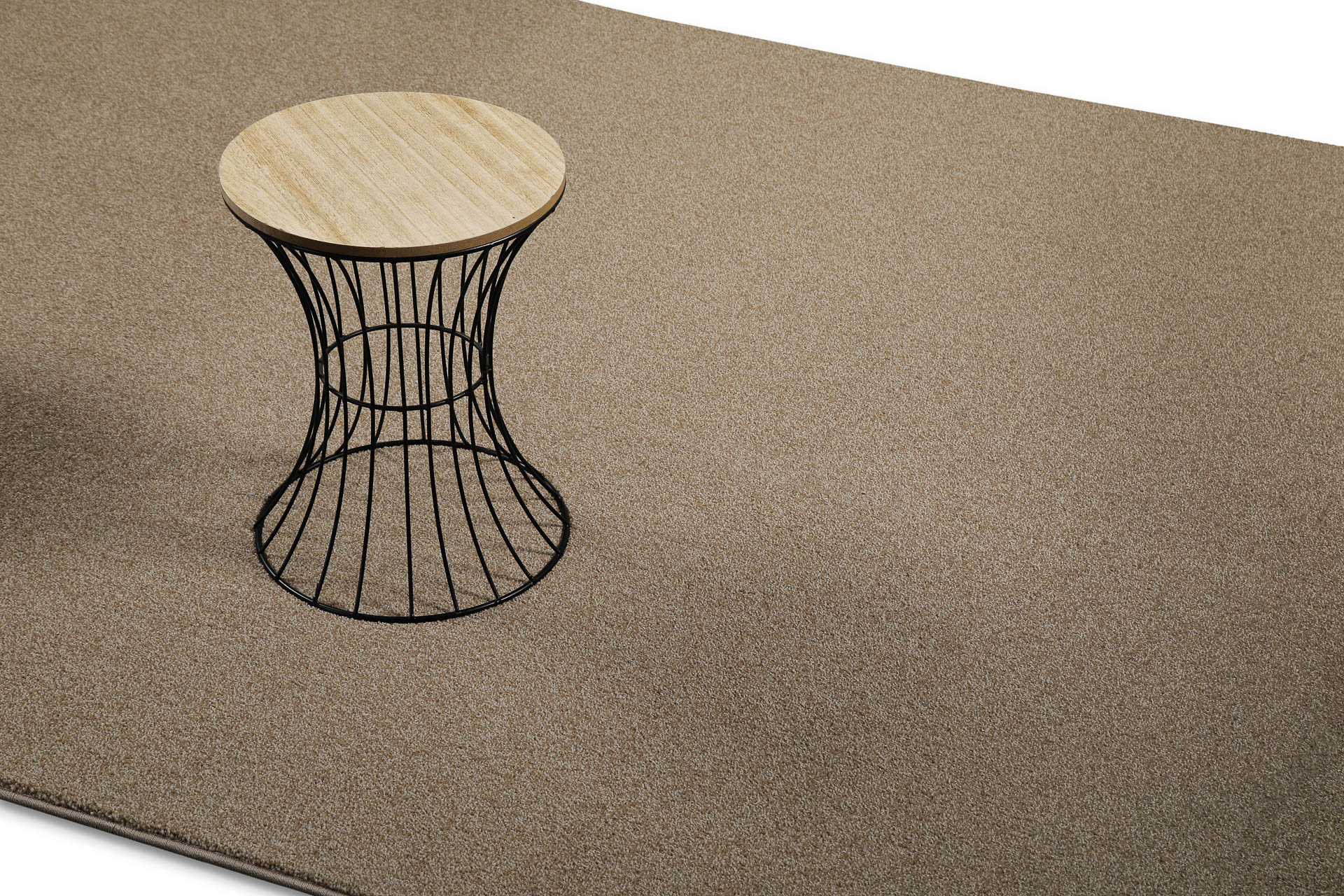 Kurzfor Teppich Braun Beige meliert 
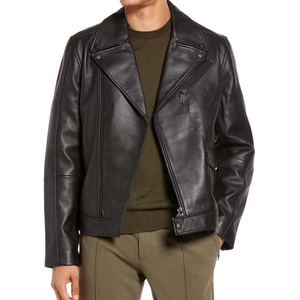 PIHA SPORTS <b>Mens</b> 2026 New Stylish Design Black Brown Real Soft Leather Washed Slim Fit <b>Smart</b> Casual Waterproof Windproof <b>Jacket</b> - Product Image 1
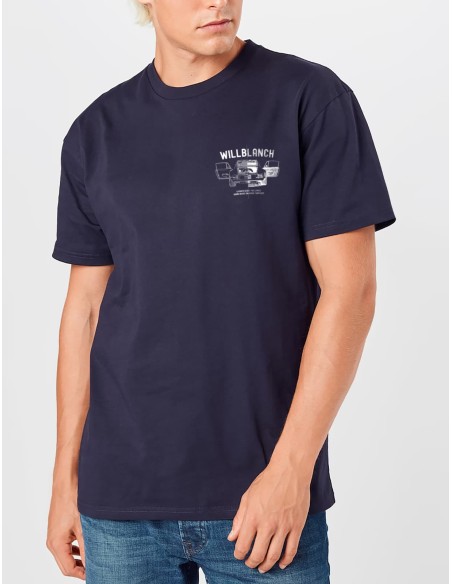 Camiseta Willblanch Navy Carbon Porsche
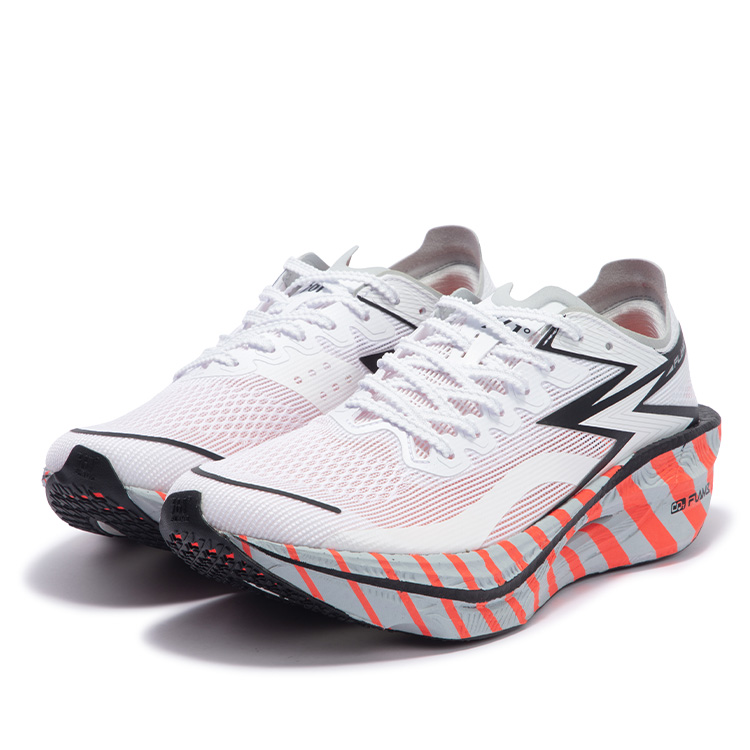361° Flame 3 Low top Marathon Sprint Racing Running Shoes Unisex Neon Red Orange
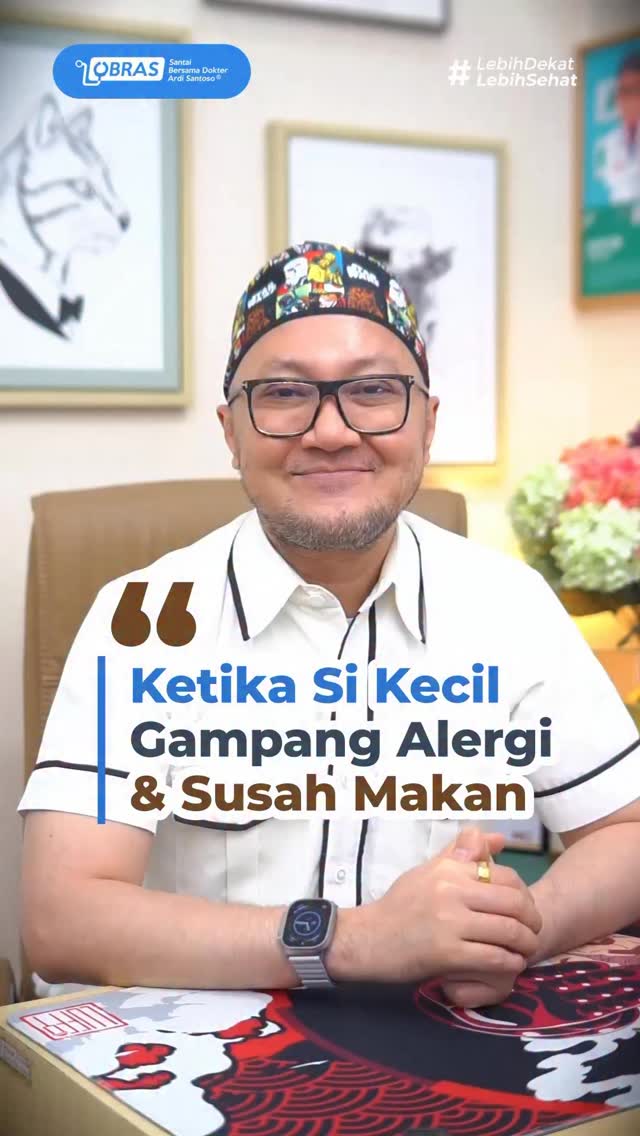 Ketika anak punya resiko alergi dan susah makan, hal ini sangat penting banget….Tonton video sampai selesai yaaaa ☺️#ardisantoso #dokteranak #ALERGI #SemuaBisaJadiHebat by @ardisantoso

************

→ **Exercise prompt**
Exactly the lines from the one that contains "Camiseta Willblanch Navy Carbon Porsche" through the last line of the records should be set down, and the pictures should be dropped.

→ **Exercise output**
 Camiseta Willblanch Navy Carbon Porsche
361° Flame 3 Low top Marathon Sprint Racing Running Shoes Unisex Neon Red Orange
 Ketika anak punya resiko alergi dan susah makan, hal ini sangat penting banget….Tonton video sampai selesai yaaaa ☺️#ardisantoso #dokteranak #ALERGI #SemuaBisaJadiHebat by @ardisantoso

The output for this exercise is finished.